___ SUPPLIED RECORDS

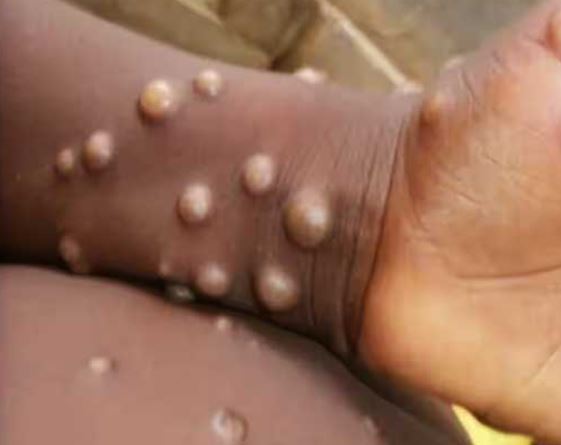 Mpox scare: Odisha Health Dept says not to panic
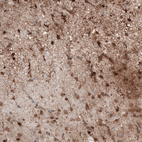 Immunohistochemical staining of human cerebral cortex shows moderate nuclear positivity in astrocytes.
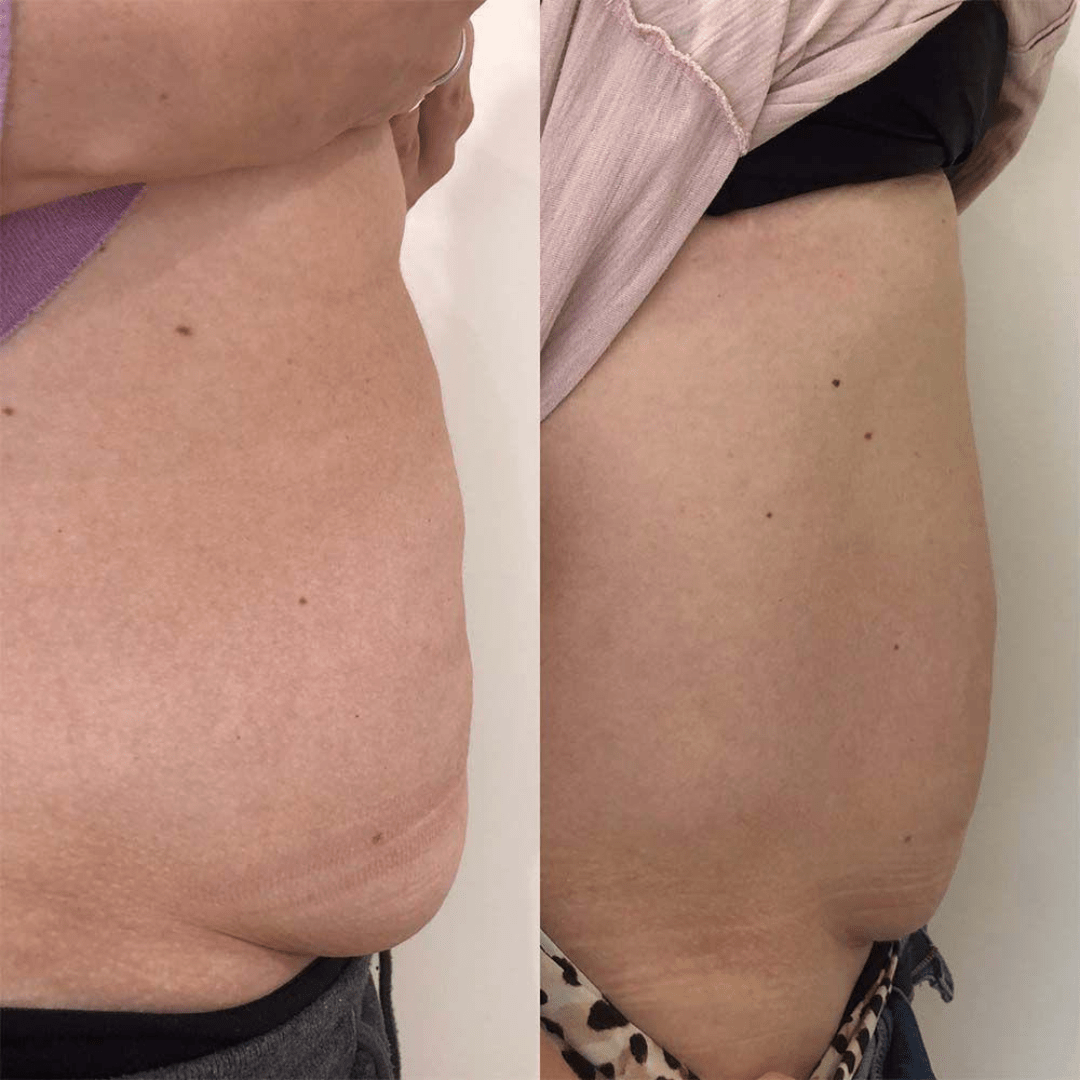 aqualyx before and after picture stomach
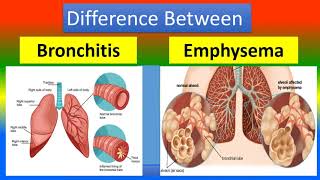 Difference Between Chronic Bronchitis and Emphysema [upl. by Hurlbut]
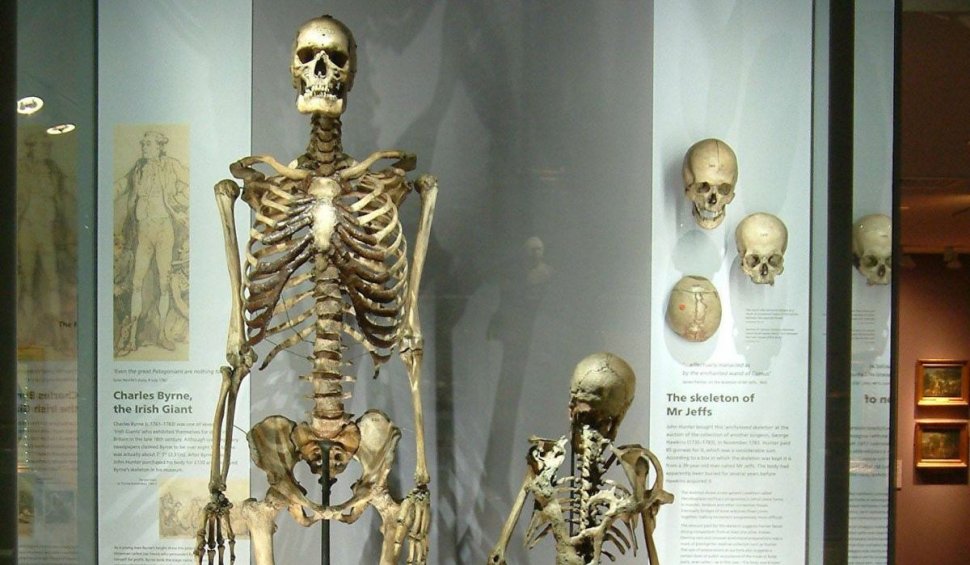 "Uriașul irlandez" se temea să nu ajungă exponat după moarte. 200 de ani, oamenii au plătit ca să îi vadă corpul la muzeu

______

WHAT IS EXPECTED: This task calls for an exact copy of the data above, without pictures.

ANSWER SPACE:
 Mpox scare: Odisha Health Dept says not to panic
 Immunohistochemical staining of human cerebral cortex shows moderate nuclear positivity in astrocytes.
 aqualyx before and after picture stomach
 Difference Between Chronic Bronchitis and Emphysema [upl. by Hurlbut]
 "Uriașul irlandez" se temea să nu ajungă exponat după moarte. 200 de ani, oamenii au plătit ca să îi vadă corpul la muzeu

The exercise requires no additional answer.